Dennis Martinez' nickname was 'El Presidente' for a while, until July 28th, 1991, when he pitched a perfect game against the Los Angeles Dodgers. It was a special game for many reasons: two days earlier, Mark Gardner was throwing a no-hitter until he surrendered one in the tenth inning, meaning the Montréal Expos could have been the first team to throw a no-hitter and a perfect game in the same series; also, 'El Perfecto' was the first non-American to register a perfect game, and his adversary, Mike Morgan, was also perfect through the first five innings, the longest the opponent of a perfect pitcher matched his counterpart; finally, it was the second time catcher Ron Hassey was on the receiving end of a perfect game, having previously been behind the plate for Len Barker's.
It was the 13th perfect game of all time, and the 11th of the modern era.

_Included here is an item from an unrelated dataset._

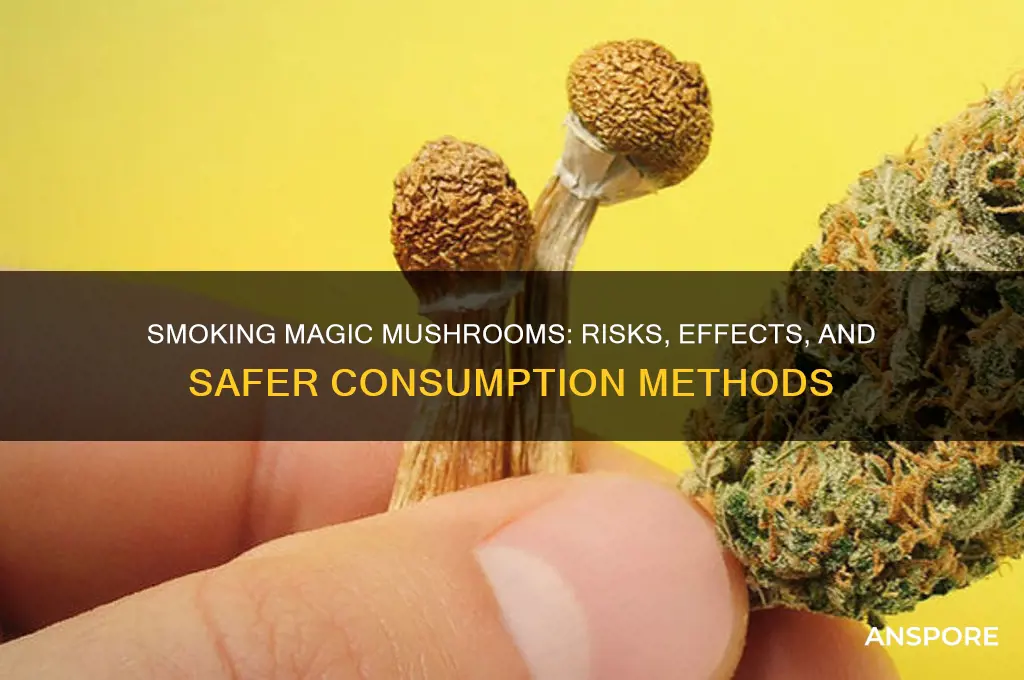 can you smoke majic mushrooms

But Martinez was more than a one-trick pony: he finished in the top-5 in Cy Young voting twice, in the top-25 twice in MVP voting, and participated in 4 All-Star Games. He led his league in complete games twice (9 in 1991, and a whopping 18 in 1979 with the Baltimore Orioles); he finished his career with 30 shutouts, including a league-leading 5 in 1991, when he also led with a 2.39 ERA. He finished in the top-10 in wins 5 times.

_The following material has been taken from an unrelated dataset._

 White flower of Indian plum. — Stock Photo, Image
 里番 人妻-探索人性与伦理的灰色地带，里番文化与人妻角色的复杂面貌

Until a skinny kid with the same last name a few years later (Pedro Martinez), I had never seen that dominant a pitcher up-close (I'd seen Dennis Eckersley and Greg Maddux on TV, though) - and because I haven't watched a baseball game in over 15 years, I haven't seen as dominant a display as his perfect game, ever - and that includes all the Curt Schilling and Roger Clemens highlights.
So when he signed this card for me in 1993, you can bet I was the happiest kid in the Olympic Stadium:
It's from Topps' 1993 Topps set (card #610) and was signed in fading blue sharpie. It shows him in the Expos' grey (away) uniform they instilled in 1992 - he'd previously starred and been perfect in their powder-blue uniform.